How nice it was to simply bring my neatly folded Brompton inside and tuck it under the table as I ordered a bagel and iced coffee from the friendly staff.
Another great thing about the Brompton is that because of its small size, it's easy to walk the bike to become a pedestrian when necessary. This allowed me to make my way from Boston to Cambridge along one of the city's most magical secret spaces ... the network of little public bridges and catwalks across the Charles River locks:
My meandering journey across the river was rewarded by this view of the Zakim Bunker Hill Bridge...
... and a chance to have a little fun playing the "Charlestown Bells" -- an interactive work of public art by Henri Matisse's grandson, Paul Matisse. You pull various handles to ring the tubular bells that span the walkway's fence.
Each handle even has the note it plays etched into the steel.
I then got back on my bike and rode the paths through the fairly new Paul Revere and North Point Parks. The magical thing about Paul Revere Park is that it makes accessible -- and beautiful -- a space that is usually left to become to dark, dusty, and dangerous: the space beneath the bridge:
I'll have to take a better photo of this sometime, because the picture I took doesn't capture how light, cool, and fun this area is. There are always people around, strolling, running, walking their dogs, or just enjoying the sun. And directly under the bridge are stone sculptures, a skateboard park, and then a pedestrian/bike bridge that lifts you out from under the bridge into the beautiful garden area of playgrounds, landscaping, and well-tended bike lanes that is Cambridge's North Point Park. In fact, the bike path is part of the Maine-to-Florida East Coast Greenway.
I then continued my ride onto the bike lanes of Kendall Square and MIT, some of which are completely separated from the street.
Above is the ultra-modern Stata Center at MIT.
Turning onto the bike lanes of Mass. Ave, it wasn't long until I reached my destination: Harvard Square. I didn't take any photos there, mainly because I've been to Harvard Square thousands of times. But you can read about its bike lanes on this earlier post I wrote.
Happy with this long and wonderful ride, I decided it was time to head home. So I hopped on the Red Line subway for a quick dash back to the South Shore (again, super-easy with a folded Brompton). But unfortunately I forgot that the T was doing construction that day along the Longfellow Bridge between Cambridge and Boston. So they were busing passengers over that part of the route. Argh!
I could have simply carried my Brompton on the bus, but instead I got back on my bike at Kendall Square and retraced my route along the North Point Park bike paths...
... over the creaky gangways of the Charles River Locks...

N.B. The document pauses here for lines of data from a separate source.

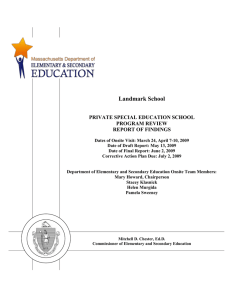 Landmark School PRIVATE SPECIAL EDUCATION SCHOOL PROGRAM REVIEW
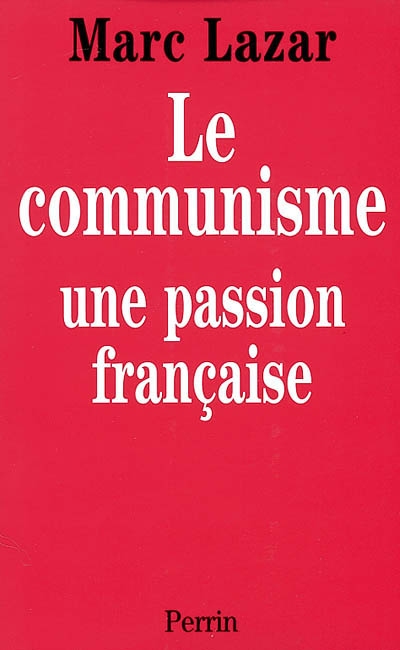 Le communisme : une passion française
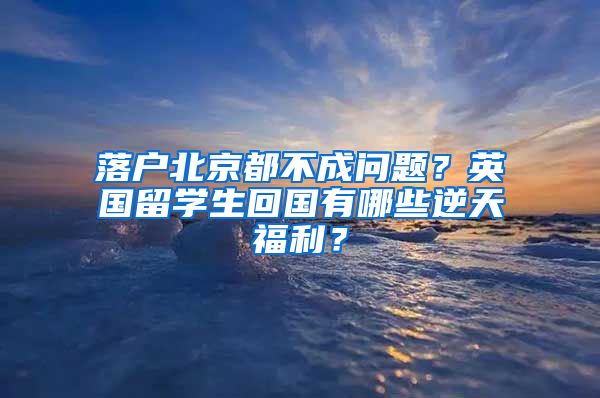 落户北京都不成问题？英国留学生回国有哪些逆天福利？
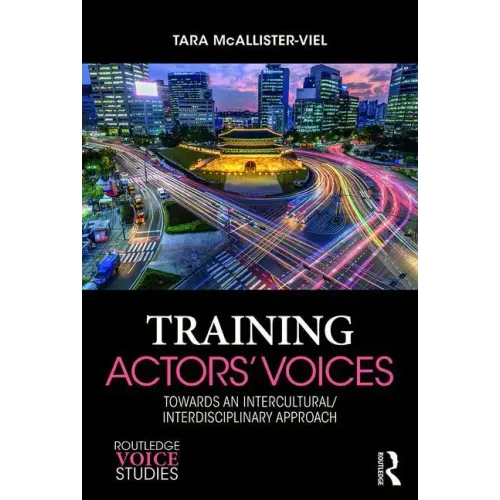 Training Actors' Voices: Towards an Intercultural/Interdisciplinary Approach - Paperback (ONLINE ORDER ONLY)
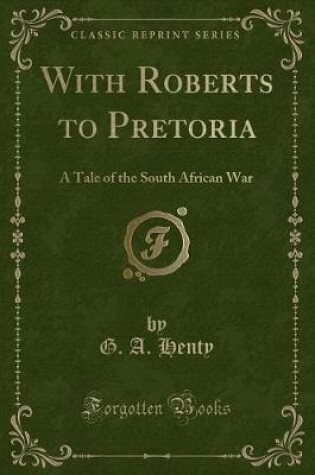 Cover of With Roberts to Pretoria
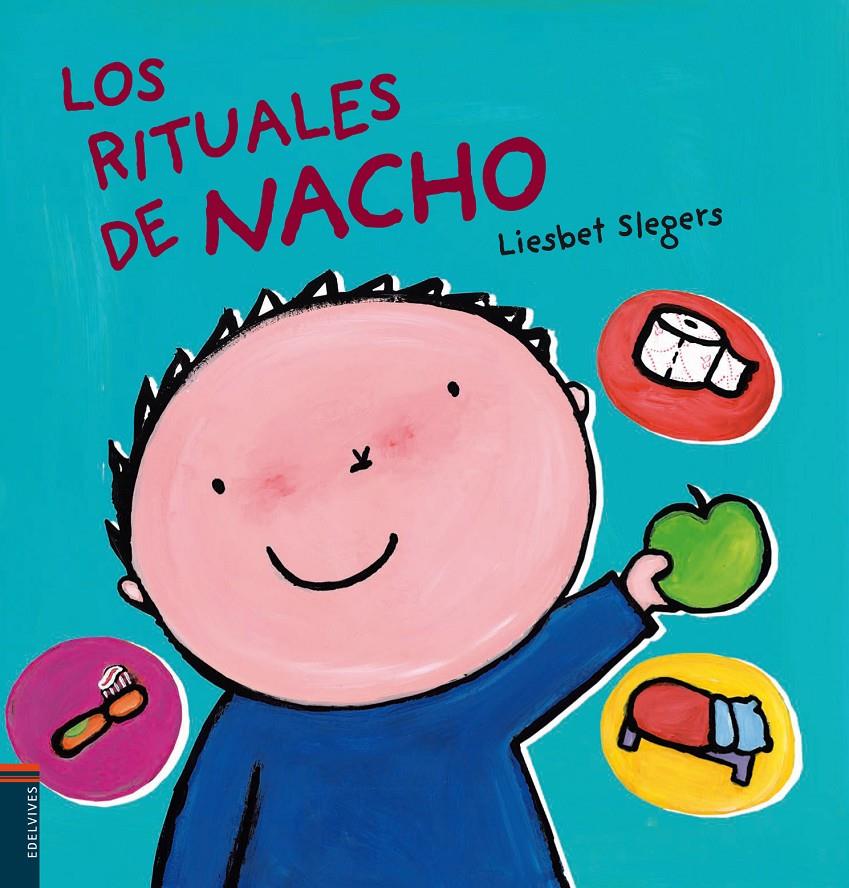 LOS RITUALES DE NACHO | 9788426378408 | LIESBET SLEGERS | Llibreria La Font de Mimir - Llibreria online Barcelona - Comprar llibres català i castellà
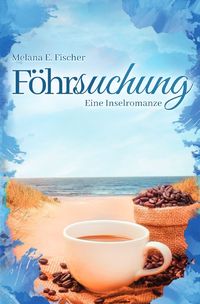 Föhr Reihe / Föhrsuchung Eine Inselromanze Melana E. Fischer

... and into the North End, where I took a long way around, leading me to this:
This is a very special section of the Rose Kennedy Greenway, the linear park that snakes its way through downtown along the old path of the I-93 elevated highway. The highway now runs underground -- the end result of the tumultuous Big Dig project that I was a witness to for well over a decade. This section of the Greenway is designated the Armenian Heritage Park, honoring metro-Boston's large Armenian community.
The labyrinth and the dark polygonal sculpture (on the upper-left of the labyrinth) represent the constantly growing and unfolding immigrant experience. The sculpture is reconfigured each year into a new shape, symbolizing the different ways immigrants reshape their own lives in their new home. The sculpture is dedicated to the lives lost in the Armenian Genocide of 1915-1923.
I stopped here for a bit to take in the meaning of this space, and then I rejoined downtown Boston's bike lanes to ride on to South Station where I folded up my Brompton, got back on the Red Line, and completed my journey home.